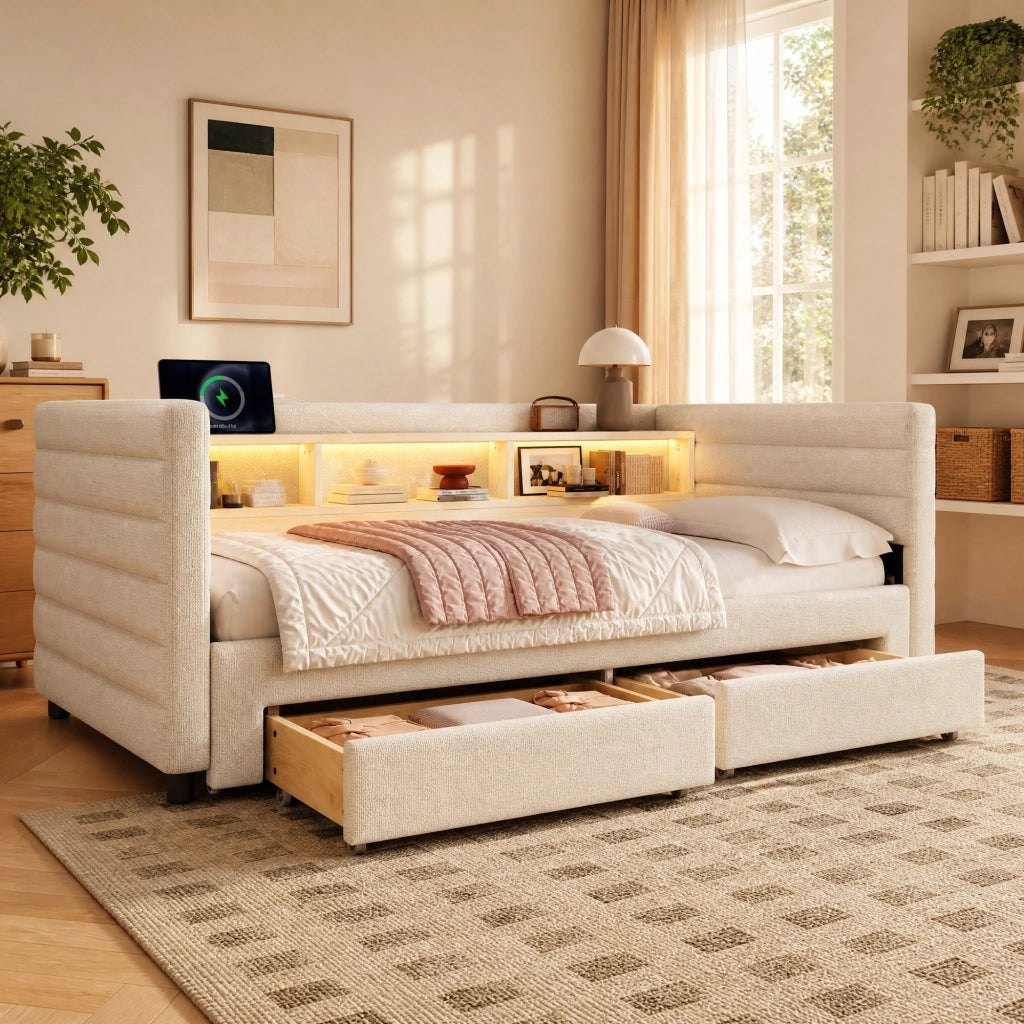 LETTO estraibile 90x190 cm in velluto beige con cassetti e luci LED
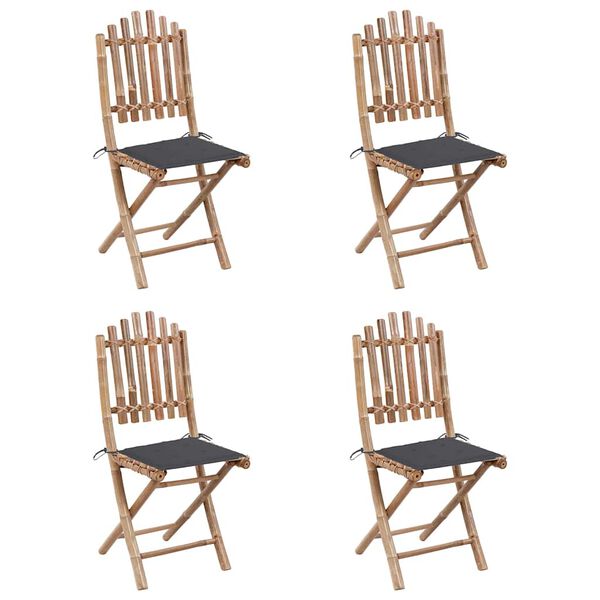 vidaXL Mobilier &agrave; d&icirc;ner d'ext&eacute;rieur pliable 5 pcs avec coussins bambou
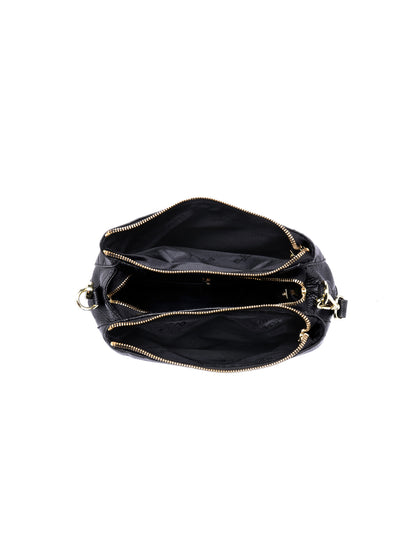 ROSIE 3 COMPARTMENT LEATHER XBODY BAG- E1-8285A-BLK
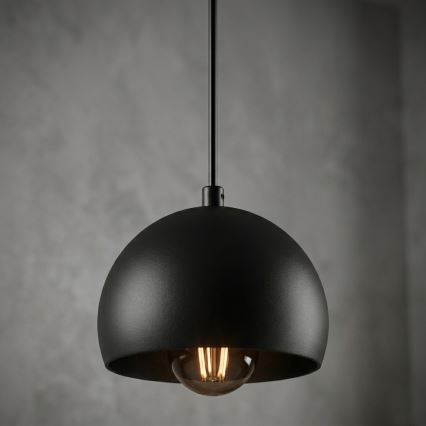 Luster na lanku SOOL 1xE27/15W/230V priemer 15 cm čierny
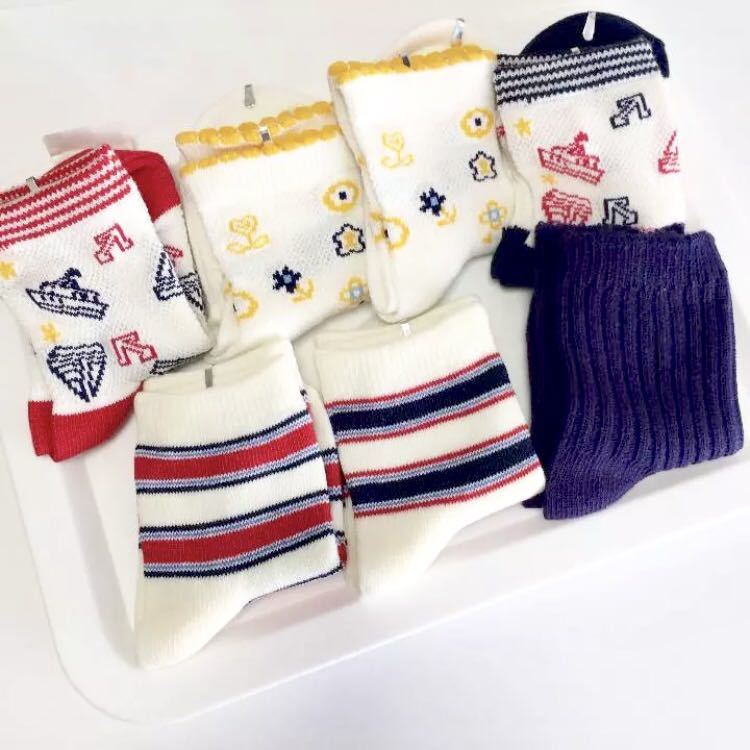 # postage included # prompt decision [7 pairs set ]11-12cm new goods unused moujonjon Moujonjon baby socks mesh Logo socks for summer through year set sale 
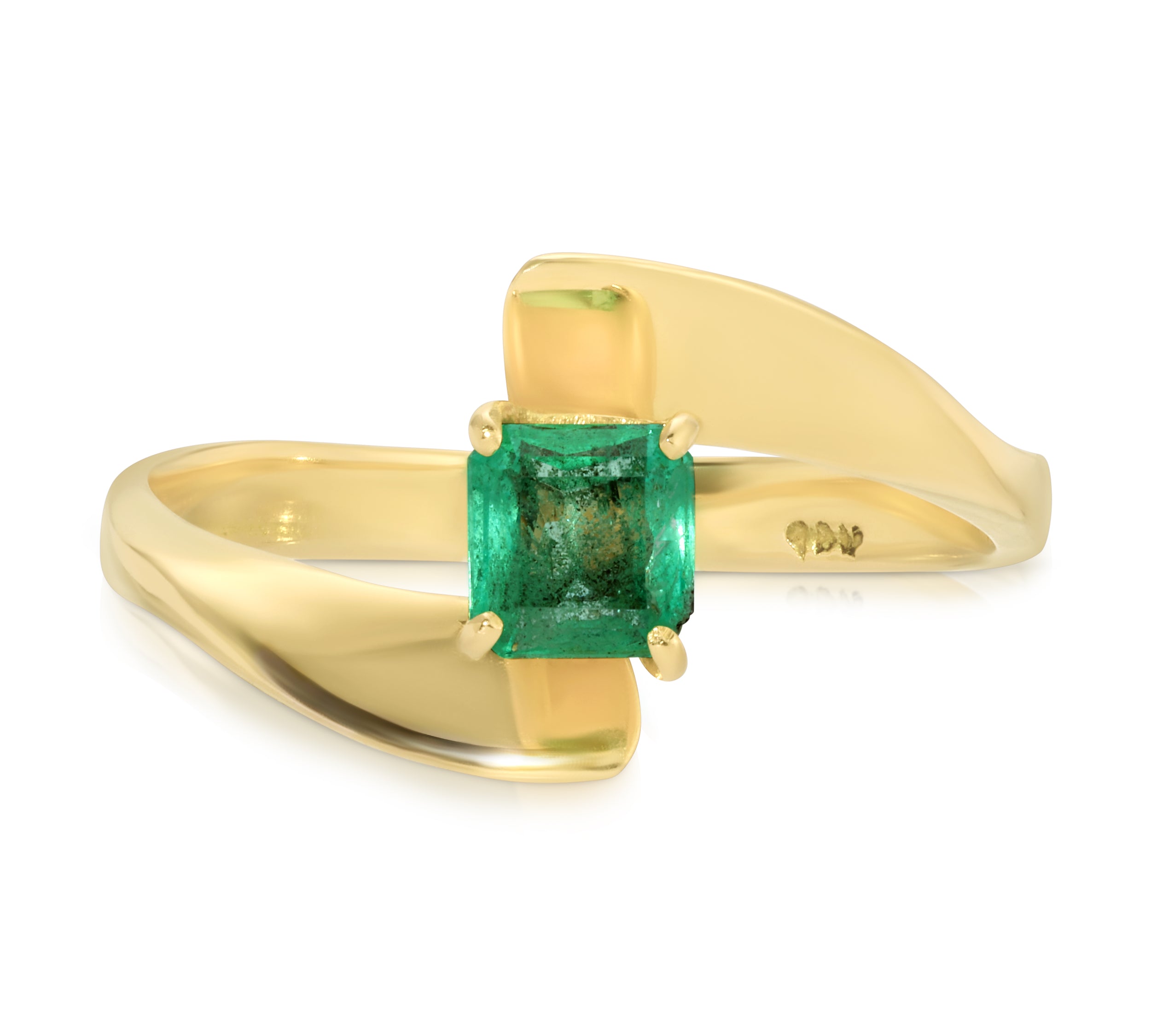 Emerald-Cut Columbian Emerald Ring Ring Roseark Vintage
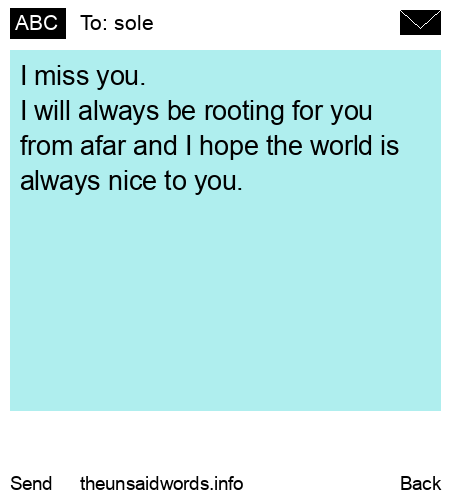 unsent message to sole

Exercise objective >>
Go back to the entries above and restate word for word every line from the first through the one that contains "Luster na lanku", leaving the pictures behind.

Solution to this task >>
 LETTO estraibile 90x190 cm in velluto beige con cassetti e luci LED
 vidaXL Mobilier &agrave; d&icirc;ner d'ext&eacute;rieur pliable 5 pcs avec coussins bambou
 ROSIE 3 COMPARTMENT LEATHER XBODY BAG- E1-8285A-BLK
 Luster na lanku SOOL 1xE27/15W/230V priemer 15 cm čierny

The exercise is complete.